Too good to be true: Publication bias in two prominent studies from experimental psychology
Empirical replication has long been considered the final arbiter of phenomena in science, but replication is undermined when there is evidence for publication bias. Evidence for publication bias in a set of experiments can be found when the observed number of rejections of the null hypothesis exceeds the expected number of rejections. Application of this test reveals evidence of publication bias in two prominent investigations from experimental psychology that have purported to reveal evidence of extrasensory perception and to indicate severe limitations of the scientific method. The presence of publication bias suggests that those investigations cannot be taken as proper scientific studies of such phenomena, because critical data are not available to the field. Publication bias could partly be avoided if experimental psychologists started using Bayesian data analysis techniques.
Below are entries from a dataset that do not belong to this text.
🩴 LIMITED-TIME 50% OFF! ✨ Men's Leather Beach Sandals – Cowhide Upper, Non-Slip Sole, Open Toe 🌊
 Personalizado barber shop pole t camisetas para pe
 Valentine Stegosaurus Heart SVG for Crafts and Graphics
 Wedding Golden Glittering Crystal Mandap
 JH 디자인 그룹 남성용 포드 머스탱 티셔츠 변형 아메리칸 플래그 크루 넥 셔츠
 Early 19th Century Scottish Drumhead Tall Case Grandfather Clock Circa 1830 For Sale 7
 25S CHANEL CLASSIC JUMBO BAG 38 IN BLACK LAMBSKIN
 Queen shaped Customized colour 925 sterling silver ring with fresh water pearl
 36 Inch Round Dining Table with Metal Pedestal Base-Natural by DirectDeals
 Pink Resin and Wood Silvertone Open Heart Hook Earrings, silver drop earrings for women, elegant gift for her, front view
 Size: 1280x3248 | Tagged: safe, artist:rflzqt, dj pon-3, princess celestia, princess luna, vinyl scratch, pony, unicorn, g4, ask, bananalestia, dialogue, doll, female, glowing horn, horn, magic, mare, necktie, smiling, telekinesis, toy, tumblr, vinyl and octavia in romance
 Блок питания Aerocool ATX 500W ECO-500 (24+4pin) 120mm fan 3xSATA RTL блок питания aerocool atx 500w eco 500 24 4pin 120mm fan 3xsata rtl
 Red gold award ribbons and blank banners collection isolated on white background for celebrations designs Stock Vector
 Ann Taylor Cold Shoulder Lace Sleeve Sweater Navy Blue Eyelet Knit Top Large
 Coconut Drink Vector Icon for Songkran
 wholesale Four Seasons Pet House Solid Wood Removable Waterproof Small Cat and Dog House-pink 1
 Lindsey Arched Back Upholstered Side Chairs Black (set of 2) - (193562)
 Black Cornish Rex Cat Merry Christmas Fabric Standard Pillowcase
KeywordsStatistical inference Repeated testing
Experimental psychologists are trained to use statistics to prevent faulty interpretations of their data. By formalizing the decision process, statistical analysis is supposed to remove the influence of the researcher’s belief or desire. No researcher in experimental psychology would report an experiment that involved filtering out subjects who did not behave according to the researcher’s expectations, because such actions would render the findings scientifically meaningless. Publication bias has a similar effect when replication across experiments is used to determine the evidence for experimental findings (Johnson & Yuan, 2007). When replication is the criterion by which scientific results are judged, a bias to publish positive findings is essentially the same error as filtering out subjects who do not behave in a desired way. Even well-designed studies can be rendered scientifically useless if other studies are done poorly and publication bias contaminates the set.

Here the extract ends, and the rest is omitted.